Of all the lines in the entries below, give again exactly those starting at the line containing "رقم قياسي في" and ending at the line containing "Mercury Black Max", both ends included, and no others.

Stored entries:

================================

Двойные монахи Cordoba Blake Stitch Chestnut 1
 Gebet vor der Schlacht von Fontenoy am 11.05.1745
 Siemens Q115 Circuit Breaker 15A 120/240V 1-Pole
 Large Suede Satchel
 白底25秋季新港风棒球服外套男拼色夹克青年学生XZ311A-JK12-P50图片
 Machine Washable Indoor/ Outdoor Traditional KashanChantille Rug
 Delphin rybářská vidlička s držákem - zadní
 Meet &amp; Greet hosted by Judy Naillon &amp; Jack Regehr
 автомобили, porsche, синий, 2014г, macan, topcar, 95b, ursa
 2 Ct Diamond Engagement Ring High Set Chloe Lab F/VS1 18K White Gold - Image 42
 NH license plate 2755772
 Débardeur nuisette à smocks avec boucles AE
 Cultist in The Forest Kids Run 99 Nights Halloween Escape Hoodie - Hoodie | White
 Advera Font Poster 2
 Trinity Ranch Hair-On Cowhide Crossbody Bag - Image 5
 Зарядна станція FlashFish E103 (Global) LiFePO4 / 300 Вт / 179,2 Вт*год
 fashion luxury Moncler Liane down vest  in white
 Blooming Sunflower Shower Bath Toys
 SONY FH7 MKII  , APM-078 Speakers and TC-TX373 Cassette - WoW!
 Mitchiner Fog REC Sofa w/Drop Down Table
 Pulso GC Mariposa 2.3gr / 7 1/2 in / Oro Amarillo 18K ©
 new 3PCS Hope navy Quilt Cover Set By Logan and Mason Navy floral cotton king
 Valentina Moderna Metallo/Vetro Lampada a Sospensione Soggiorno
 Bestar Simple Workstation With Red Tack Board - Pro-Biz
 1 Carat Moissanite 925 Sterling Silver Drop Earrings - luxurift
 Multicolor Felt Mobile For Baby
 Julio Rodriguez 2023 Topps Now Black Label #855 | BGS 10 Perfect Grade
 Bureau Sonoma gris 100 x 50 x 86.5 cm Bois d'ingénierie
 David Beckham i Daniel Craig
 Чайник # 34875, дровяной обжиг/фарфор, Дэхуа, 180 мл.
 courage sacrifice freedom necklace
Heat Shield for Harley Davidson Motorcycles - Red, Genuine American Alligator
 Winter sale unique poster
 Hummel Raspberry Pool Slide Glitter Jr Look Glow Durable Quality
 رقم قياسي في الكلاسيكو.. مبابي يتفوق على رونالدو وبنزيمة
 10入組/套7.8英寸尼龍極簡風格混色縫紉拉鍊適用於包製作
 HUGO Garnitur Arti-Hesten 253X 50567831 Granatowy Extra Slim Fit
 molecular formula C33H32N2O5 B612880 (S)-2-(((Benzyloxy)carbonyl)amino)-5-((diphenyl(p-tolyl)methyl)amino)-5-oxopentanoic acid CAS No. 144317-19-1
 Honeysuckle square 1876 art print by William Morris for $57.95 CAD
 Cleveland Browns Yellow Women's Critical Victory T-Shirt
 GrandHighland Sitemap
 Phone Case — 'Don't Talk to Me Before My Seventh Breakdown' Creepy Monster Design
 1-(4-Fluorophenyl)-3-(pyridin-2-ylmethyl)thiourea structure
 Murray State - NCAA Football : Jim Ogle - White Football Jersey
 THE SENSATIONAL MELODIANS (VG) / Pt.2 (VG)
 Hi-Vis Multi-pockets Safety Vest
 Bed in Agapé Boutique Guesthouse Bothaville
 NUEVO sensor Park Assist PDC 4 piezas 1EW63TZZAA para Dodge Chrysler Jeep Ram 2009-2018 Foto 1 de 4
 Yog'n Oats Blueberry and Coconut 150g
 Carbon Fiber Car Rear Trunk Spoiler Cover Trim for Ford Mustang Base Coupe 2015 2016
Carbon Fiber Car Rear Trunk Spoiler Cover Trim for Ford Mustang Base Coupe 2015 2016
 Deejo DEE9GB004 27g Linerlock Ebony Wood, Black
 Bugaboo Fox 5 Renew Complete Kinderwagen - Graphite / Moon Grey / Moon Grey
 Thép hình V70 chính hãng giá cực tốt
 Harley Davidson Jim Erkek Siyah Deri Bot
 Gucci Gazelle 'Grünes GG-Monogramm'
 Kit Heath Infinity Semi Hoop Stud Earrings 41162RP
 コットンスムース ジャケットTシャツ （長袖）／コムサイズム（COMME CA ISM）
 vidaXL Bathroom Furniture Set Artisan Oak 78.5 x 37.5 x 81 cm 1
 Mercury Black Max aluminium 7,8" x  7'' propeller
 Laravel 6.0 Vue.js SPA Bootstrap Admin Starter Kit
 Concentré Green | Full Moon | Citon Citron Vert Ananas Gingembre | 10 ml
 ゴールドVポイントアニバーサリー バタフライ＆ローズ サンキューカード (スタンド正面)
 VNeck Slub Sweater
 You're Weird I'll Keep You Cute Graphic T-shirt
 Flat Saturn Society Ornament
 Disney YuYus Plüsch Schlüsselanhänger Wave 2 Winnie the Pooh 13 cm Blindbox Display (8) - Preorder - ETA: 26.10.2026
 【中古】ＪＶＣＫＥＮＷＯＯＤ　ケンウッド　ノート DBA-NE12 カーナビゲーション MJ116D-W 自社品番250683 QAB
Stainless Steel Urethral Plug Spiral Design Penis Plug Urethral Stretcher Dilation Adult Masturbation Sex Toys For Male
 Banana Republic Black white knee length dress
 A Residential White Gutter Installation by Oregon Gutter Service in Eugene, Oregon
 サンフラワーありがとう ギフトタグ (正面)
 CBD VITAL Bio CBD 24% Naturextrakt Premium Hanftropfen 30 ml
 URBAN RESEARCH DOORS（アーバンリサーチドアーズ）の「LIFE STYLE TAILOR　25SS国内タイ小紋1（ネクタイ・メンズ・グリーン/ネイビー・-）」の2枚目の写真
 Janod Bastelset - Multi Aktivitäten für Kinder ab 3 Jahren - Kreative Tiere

================================

| Exercise result |
 رقم قياسي في الكلاسيكو.. مبابي يتفوق على رونالدو وبنزيمة
 10入組/套7.8英寸尼龍極簡風格混色縫紉拉鍊適用於包製作
 HUGO Garnitur Arti-Hesten 253X 50567831 Granatowy Extra Slim Fit
 molecular formula C33H32N2O5 B612880 (S)-2-(((Benzyloxy)carbonyl)amino)-5-((diphenyl(p-tolyl)methyl)amino)-5-oxopentanoic acid CAS No. 144317-19-1
 Honeysuckle square 1876 art print by William Morris for $57.95 CAD
 Cleveland Browns Yellow Women's Critical Victory T-Shirt
 GrandHighland Sitemap
 Phone Case — 'Don't Talk to Me Before My Seventh Breakdown' Creepy Monster Design
 1-(4-Fluorophenyl)-3-(pyridin-2-ylmethyl)thiourea structure
 Murray State - NCAA Football : Jim Ogle - White Football Jersey
 THE SENSATIONAL MELODIANS (VG) / Pt.2 (VG)
 Hi-Vis Multi-pockets Safety Vest
 Bed in Agapé Boutique Guesthouse Bothaville
 NUEVO sensor Park Assist PDC 4 piezas 1EW63TZZAA para Dodge Chrysler Jeep Ram 2009-2018 Foto 1 de 4
 Yog'n Oats Blueberry and Coconut 150g
 Carbon Fiber Car Rear Trunk Spoiler Cover Trim for Ford Mustang Base Coupe 2015 2016
Carbon Fiber Car Rear Trunk Spoiler Cover Trim for Ford Mustang Base Coupe 2015 2016
 Deejo DEE9GB004 27g Linerlock Ebony Wood, Black
 Bugaboo Fox 5 Renew Complete Kinderwagen - Graphite / Moon Grey / Moon Grey
 Thép hình V70 chính hãng giá cực tốt
 Harley Davidson Jim Erkek Siyah Deri Bot
 Gucci Gazelle 'Grünes GG-Monogramm'
 Kit Heath Infinity Semi Hoop Stud Earrings 41162RP
 コットンスムース ジャケットTシャツ （長袖）／コムサイズム（COMME CA ISM）
 vidaXL Bathroom Furniture Set Artisan Oak 78.5 x 37.5 x 81 cm 1
 Mercury Black Max aluminium 7,8" x  7'' propeller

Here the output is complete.